Forse l’esempio di frode scientifica più celebre è il cosiddetto «uomo di Piltdown». Nel 1912 in una cava di ghiaia a Piltdown, in Inghilterra, furono scoperte una calotta cranica di tipo umano e una mandibola di scimmia, insomma le prove dell’esistenza nel passato di un essere a metà tra uomo e scimmia, l’anello mancante richiesto dalla teoria dell’evoluzione. Il ritrovamento fece sensazione e rapidamente venne accettato dalla scienza ufficiale. Si trattava in realtà di un falso, i cui autori non sono ancora stati individuati (fra i sospettati il gesuita filosofo Pierre Teilhard de Chardin e Arthur Conan Doyle, il padre di Sherlock Holmes), e per oltre 40 anni i biologi hanno creduto nella verità di un albero genealogico dell’uomo alla cui base stava il fasullo uomo di Piltdown. Solo nel 1953 il geologo inglese Kenneth Oakley, impiegando le nuove tecniche d’analisi, fu in grado di dimostrare che il preteso uomo di Piltdown non era mai esistito.

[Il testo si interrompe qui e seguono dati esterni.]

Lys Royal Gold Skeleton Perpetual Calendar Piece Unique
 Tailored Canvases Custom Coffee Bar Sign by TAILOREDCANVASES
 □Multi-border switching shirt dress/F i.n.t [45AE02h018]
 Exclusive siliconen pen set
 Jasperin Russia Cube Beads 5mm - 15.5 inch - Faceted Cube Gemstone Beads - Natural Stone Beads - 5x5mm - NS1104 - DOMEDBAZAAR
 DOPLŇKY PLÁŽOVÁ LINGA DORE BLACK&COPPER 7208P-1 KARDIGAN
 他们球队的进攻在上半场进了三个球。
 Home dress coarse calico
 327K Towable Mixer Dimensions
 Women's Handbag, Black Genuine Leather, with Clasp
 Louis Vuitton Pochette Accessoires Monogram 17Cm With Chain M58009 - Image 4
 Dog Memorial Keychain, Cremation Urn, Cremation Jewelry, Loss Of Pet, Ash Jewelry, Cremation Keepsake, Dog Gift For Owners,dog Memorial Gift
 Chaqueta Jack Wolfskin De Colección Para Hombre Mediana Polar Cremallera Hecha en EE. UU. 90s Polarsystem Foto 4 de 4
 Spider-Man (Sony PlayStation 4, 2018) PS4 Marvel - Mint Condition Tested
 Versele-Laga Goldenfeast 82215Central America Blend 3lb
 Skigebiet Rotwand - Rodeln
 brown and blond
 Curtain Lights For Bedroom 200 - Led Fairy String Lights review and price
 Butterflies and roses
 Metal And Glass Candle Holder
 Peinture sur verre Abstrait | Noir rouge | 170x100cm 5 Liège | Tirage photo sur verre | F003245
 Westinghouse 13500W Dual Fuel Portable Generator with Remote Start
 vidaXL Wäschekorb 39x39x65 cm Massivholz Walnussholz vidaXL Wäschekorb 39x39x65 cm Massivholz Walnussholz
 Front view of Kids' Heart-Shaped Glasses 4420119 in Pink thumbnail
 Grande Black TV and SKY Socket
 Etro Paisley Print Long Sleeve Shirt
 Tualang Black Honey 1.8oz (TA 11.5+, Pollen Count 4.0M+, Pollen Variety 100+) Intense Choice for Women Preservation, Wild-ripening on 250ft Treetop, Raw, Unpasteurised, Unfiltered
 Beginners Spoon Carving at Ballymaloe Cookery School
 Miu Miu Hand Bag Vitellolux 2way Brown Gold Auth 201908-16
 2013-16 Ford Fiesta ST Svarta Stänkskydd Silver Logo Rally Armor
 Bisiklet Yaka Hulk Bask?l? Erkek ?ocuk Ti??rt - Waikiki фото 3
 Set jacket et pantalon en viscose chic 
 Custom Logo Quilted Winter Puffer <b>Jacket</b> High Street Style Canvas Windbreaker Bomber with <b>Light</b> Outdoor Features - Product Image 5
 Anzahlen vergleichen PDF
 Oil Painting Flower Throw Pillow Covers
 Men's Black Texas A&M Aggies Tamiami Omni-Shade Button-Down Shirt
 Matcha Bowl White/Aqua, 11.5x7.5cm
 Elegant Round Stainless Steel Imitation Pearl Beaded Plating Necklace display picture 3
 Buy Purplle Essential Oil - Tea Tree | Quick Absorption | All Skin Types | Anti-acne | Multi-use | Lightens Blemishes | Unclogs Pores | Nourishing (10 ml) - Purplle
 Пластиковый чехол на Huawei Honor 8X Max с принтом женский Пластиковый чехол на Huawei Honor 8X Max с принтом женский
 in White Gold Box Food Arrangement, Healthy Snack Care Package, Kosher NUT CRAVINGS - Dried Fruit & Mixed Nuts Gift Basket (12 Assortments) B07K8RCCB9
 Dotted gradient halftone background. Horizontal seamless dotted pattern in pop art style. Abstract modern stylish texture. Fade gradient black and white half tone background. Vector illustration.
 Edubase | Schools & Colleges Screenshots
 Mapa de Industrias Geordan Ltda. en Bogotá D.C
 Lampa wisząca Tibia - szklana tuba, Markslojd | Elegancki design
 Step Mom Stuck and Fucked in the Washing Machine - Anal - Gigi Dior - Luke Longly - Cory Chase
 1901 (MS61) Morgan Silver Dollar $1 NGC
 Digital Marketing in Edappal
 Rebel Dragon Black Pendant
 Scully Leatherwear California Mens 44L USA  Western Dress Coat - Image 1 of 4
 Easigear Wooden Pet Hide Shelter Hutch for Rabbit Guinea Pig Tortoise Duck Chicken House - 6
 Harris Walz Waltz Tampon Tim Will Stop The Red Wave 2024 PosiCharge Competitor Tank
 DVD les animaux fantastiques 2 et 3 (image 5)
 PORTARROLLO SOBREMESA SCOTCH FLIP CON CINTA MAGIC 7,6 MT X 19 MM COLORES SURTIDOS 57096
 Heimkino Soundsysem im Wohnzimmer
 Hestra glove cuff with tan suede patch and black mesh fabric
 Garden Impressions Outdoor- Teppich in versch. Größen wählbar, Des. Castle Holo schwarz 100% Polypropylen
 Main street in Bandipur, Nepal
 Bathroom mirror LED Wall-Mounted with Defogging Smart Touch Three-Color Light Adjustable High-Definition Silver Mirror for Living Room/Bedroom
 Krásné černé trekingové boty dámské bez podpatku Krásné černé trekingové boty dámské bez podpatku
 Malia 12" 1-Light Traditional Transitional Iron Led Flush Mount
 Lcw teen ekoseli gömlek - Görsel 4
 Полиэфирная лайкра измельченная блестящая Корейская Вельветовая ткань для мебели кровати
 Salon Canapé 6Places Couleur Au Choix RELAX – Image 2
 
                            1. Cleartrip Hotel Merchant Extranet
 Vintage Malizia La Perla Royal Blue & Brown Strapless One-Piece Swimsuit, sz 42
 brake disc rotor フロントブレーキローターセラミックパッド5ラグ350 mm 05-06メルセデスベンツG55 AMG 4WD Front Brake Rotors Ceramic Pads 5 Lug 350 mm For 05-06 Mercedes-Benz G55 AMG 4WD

Certo, più di quarant’anni erano trascorsi dal ritrovamento, ma questo insegna che la verità scientifica ha bisogno di tempo per farsi strada nella palude dell’errore. La scienza mostra un carattere autocorrettivo, anzi il saper riconoscere i propri errori e porvi rimedio può essere visto come il suo carattere più specifico, quello che la differenzia da ogni forma di sapere dogmatico.